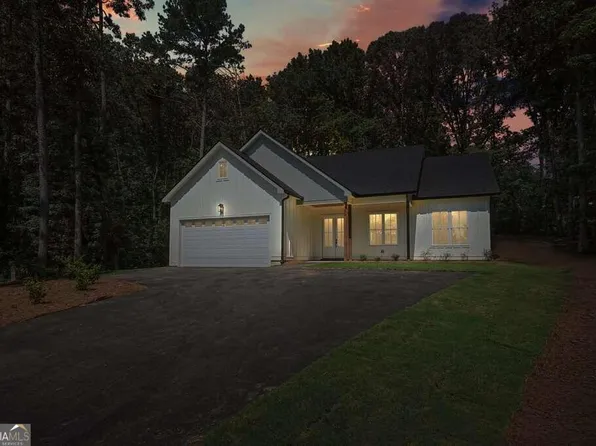 386 Russell King Ln, Canton, GA 30115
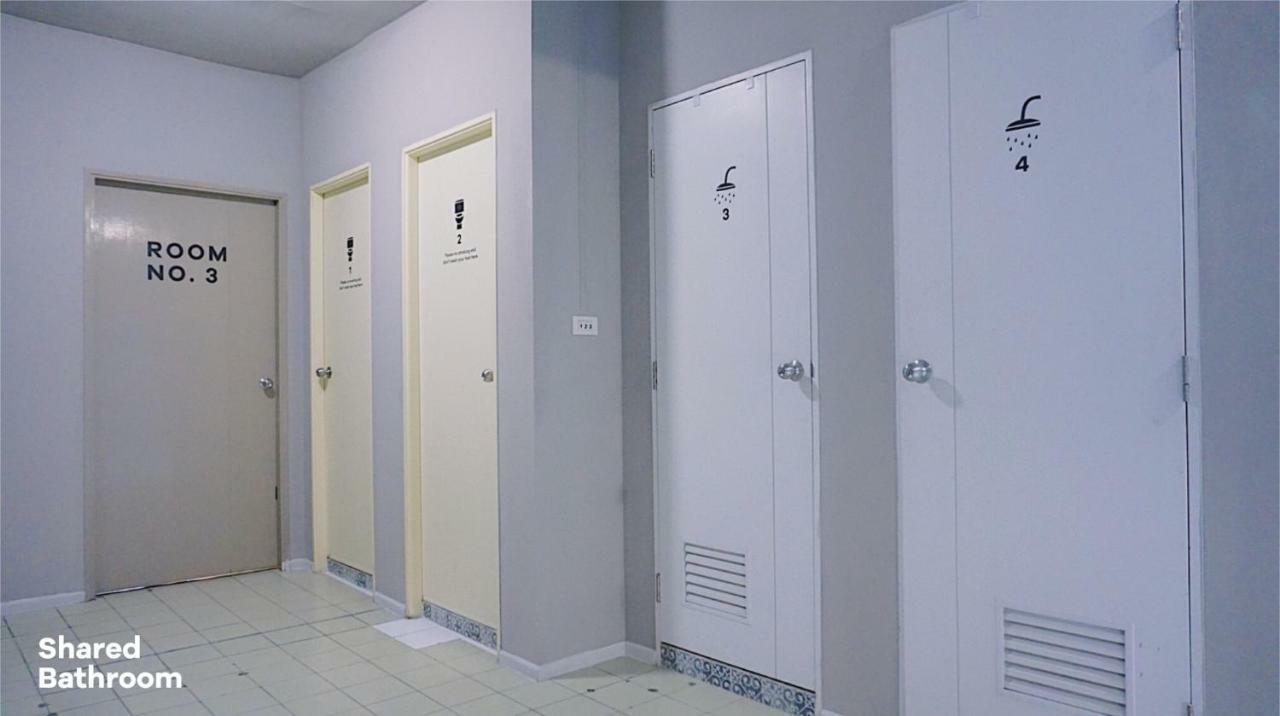 Need Sleep Hostel 방콕 외부 사진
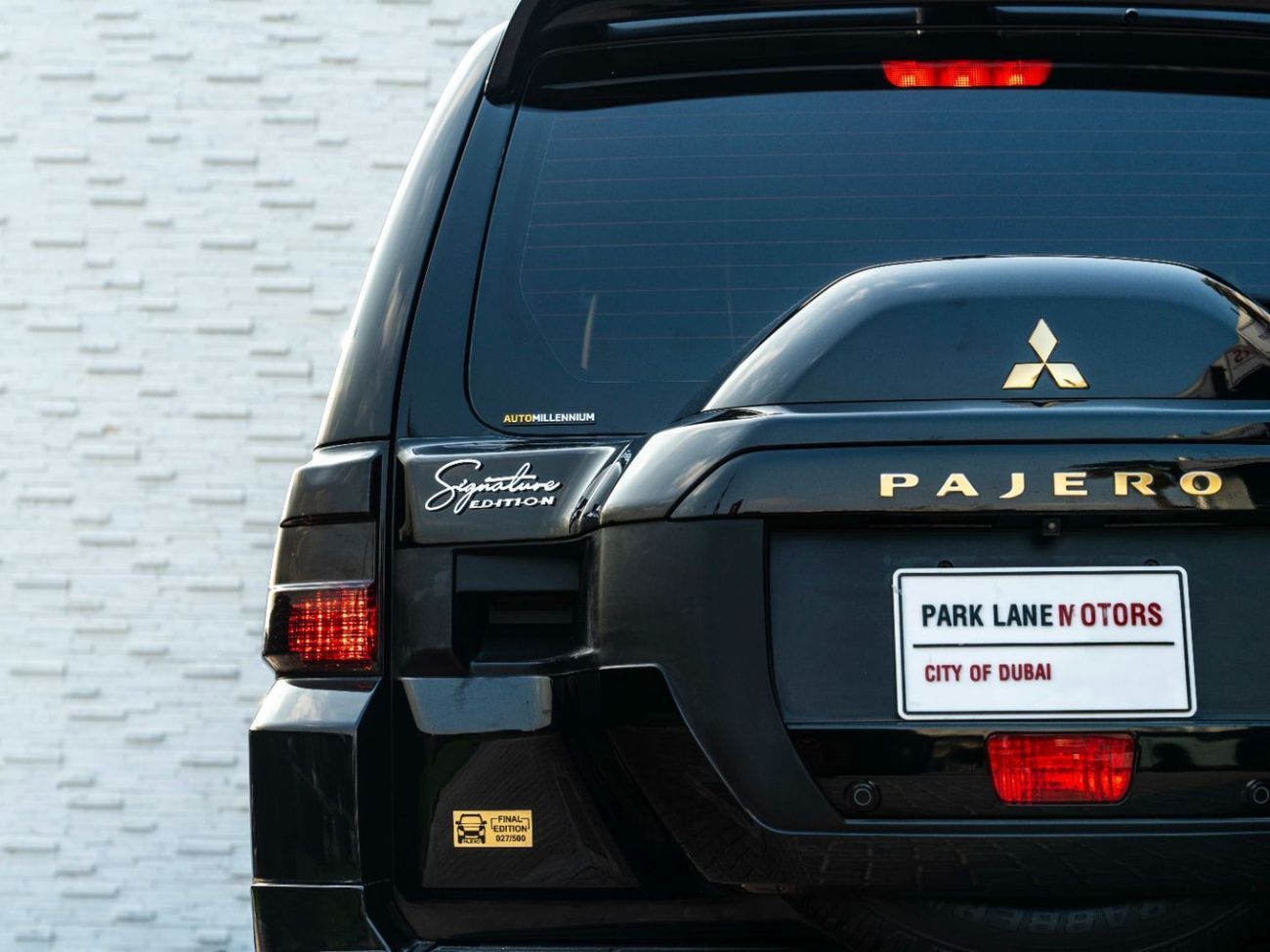 Mitsubishi Pajero GLS Mid 3.8L (243 HP)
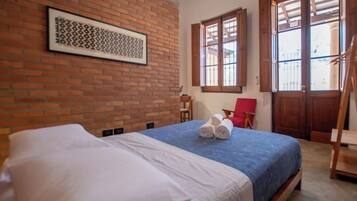 House, City View | Free WiFi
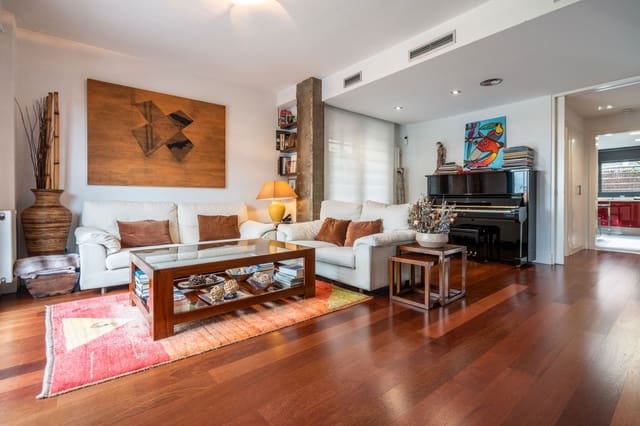 Pareado de 6 habitaciones en Las Rozas de Madrid en venta - 1.280.000 € (Ref: 9465979)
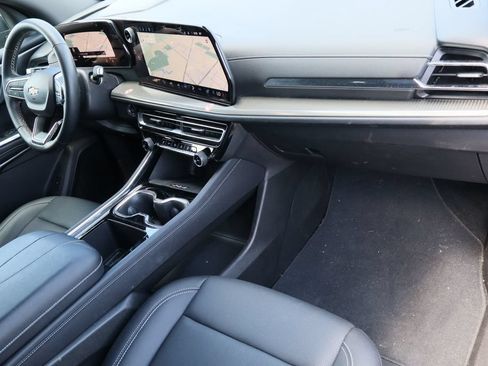 Used 2026 Chevrolet Traverse LT FWD image 31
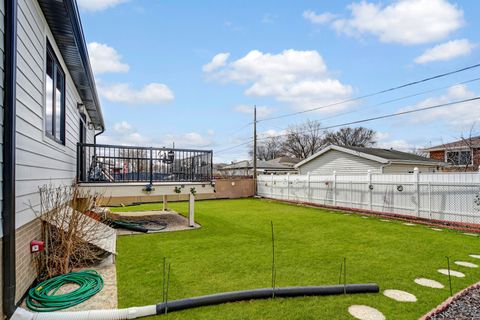 Tiny photo for 8332 S 78th Court, Justice, IL 60458 (MLS # 12592527)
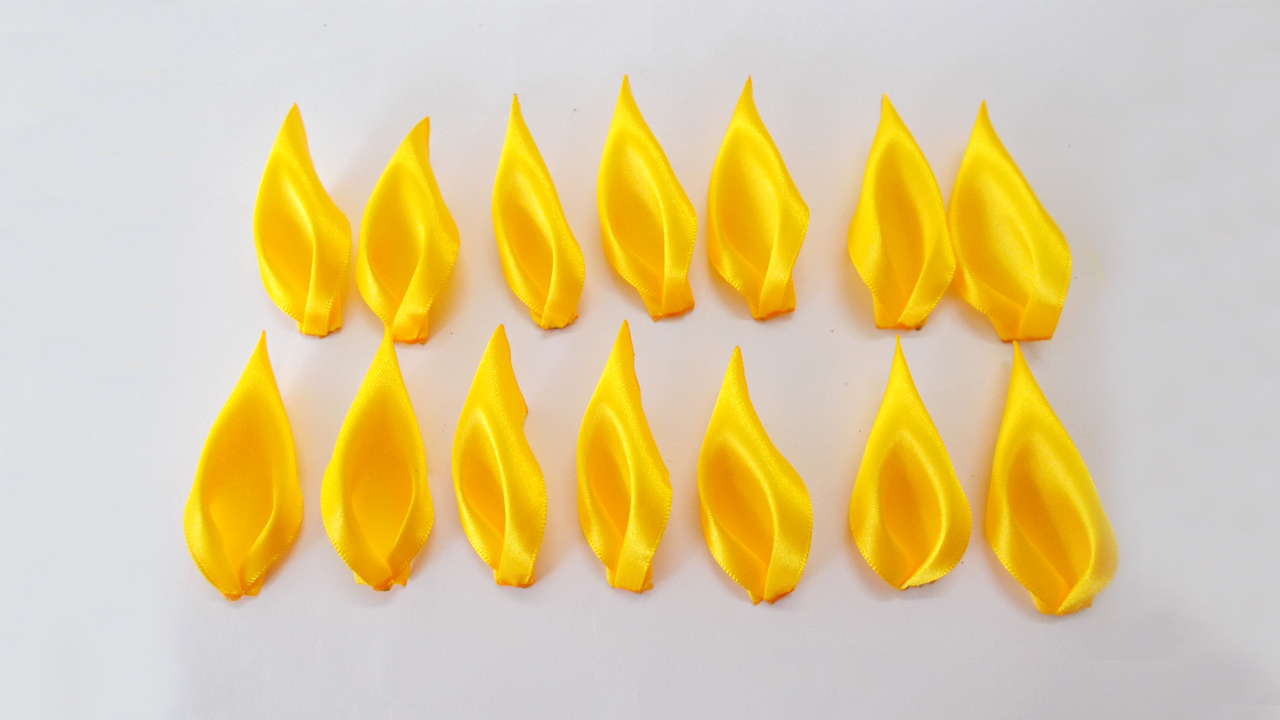 satin-sunflower-2.jpg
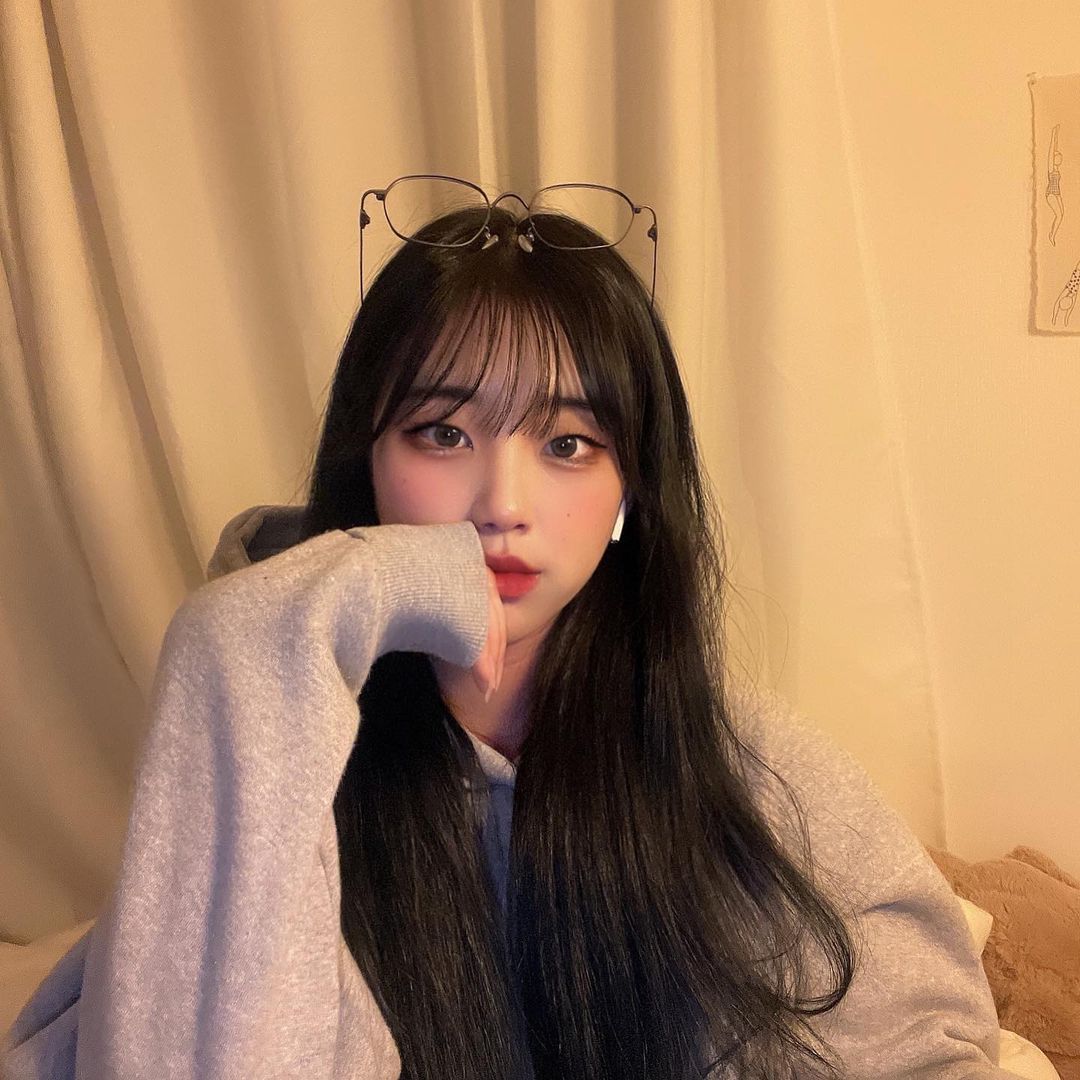 김먀 on Instagram: “S7ILUVU 안경 써봤는데 넘 잘어울리디ㅎㅎ 진짜 안쓴거처럼 대박 가벼웡,,,👍(8g 말도안대!!) 써지컬 스틸로 만들어진 안경이라 나같은 칠칠이도 쉽게 부러지지도 않고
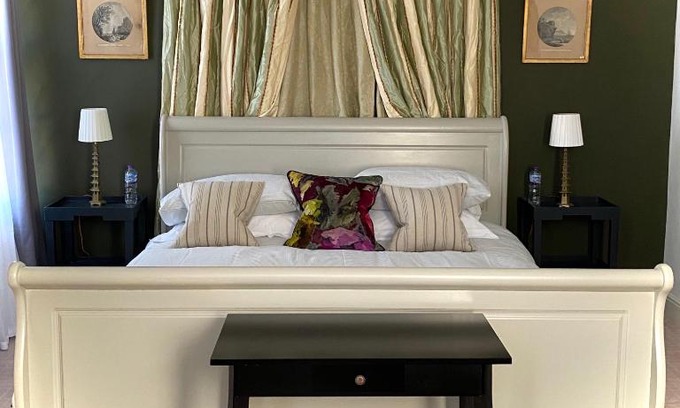 Folkestone Bed & Breakfast | Merchant39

:: WHAT IS EXPECTED ::
Starting at the line with "satin-sunflower-2.jpg", transcribe the listing above exactly through its last line. No picture belongs in the transcription.

:: SOLUTION ::
 satin-sunflower-2.jpg
 김먀 on Instagram: “S7ILUVU 안경 써봤는데 넘 잘어울리디ㅎㅎ 진짜 안쓴거처럼 대박 가벼웡,,,👍(8g 말도안대!!) 써지컬 스틸로 만들어진 안경이라 나같은 칠칠이도 쉽게 부러지지도 않고
 Folkestone Bed & Breakfast | Merchant39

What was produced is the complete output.